» **AIM OF THE EXERCISE**:
Copy word for word the lines of the records below, beginning at the one with "We'll come back" and finishing at the one with "So this is something", ends included, but none of the pictures.

» **EXTRACTED DATA**:
* * * *

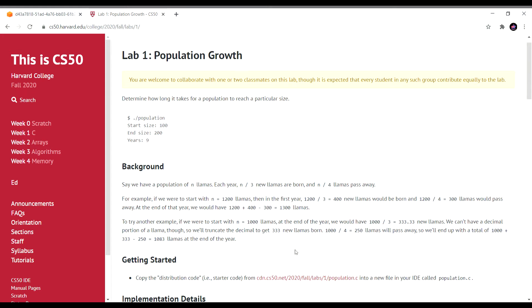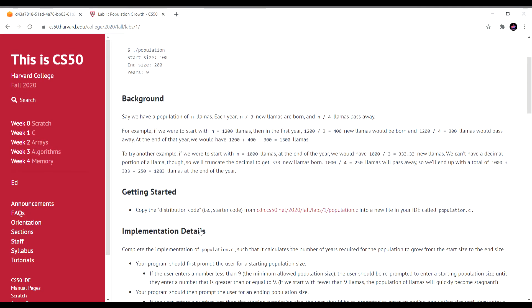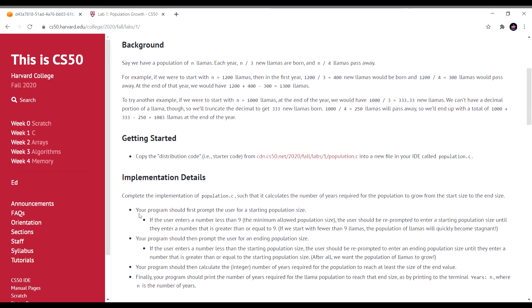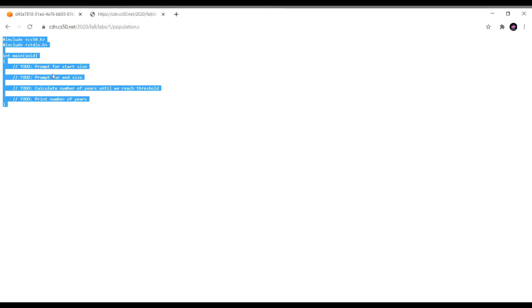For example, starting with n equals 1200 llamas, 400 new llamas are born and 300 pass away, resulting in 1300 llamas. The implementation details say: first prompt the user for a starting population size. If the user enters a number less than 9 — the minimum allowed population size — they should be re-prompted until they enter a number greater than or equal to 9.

* * * *

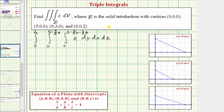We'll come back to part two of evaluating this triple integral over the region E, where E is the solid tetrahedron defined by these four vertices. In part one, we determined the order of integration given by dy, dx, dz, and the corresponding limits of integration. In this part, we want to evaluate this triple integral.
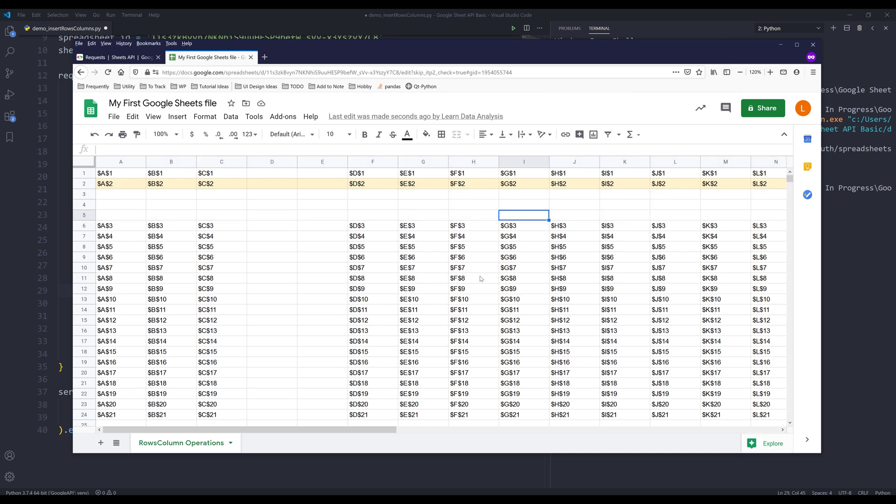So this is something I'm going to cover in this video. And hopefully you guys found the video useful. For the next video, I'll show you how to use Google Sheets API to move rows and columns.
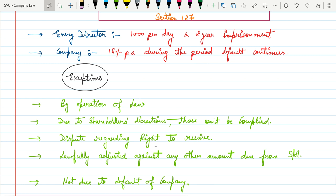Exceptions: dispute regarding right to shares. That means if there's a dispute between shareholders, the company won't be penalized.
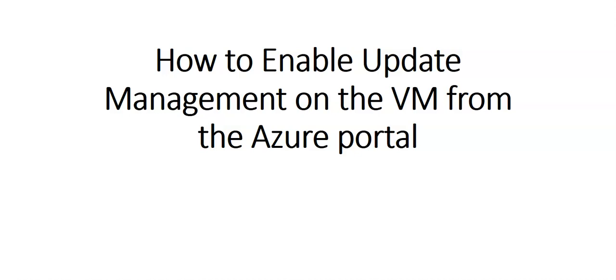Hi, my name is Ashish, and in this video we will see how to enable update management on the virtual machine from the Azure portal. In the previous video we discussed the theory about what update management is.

* * * *

» **ANSWER BOX**:
We'll come back to part two of evaluating this triple integral over the region E, where E is the solid tetrahedron defined by these four vertices. In part one, we determined the order of integration given by dy, dx, dz, and the corresponding limits of integration. In this part, we want to evaluate this triple integral.
So this is something I'm going to cover in this video. And hopefully you guys found the video useful. For the next video, I'll show you how to use Google Sheets API to move rows and columns.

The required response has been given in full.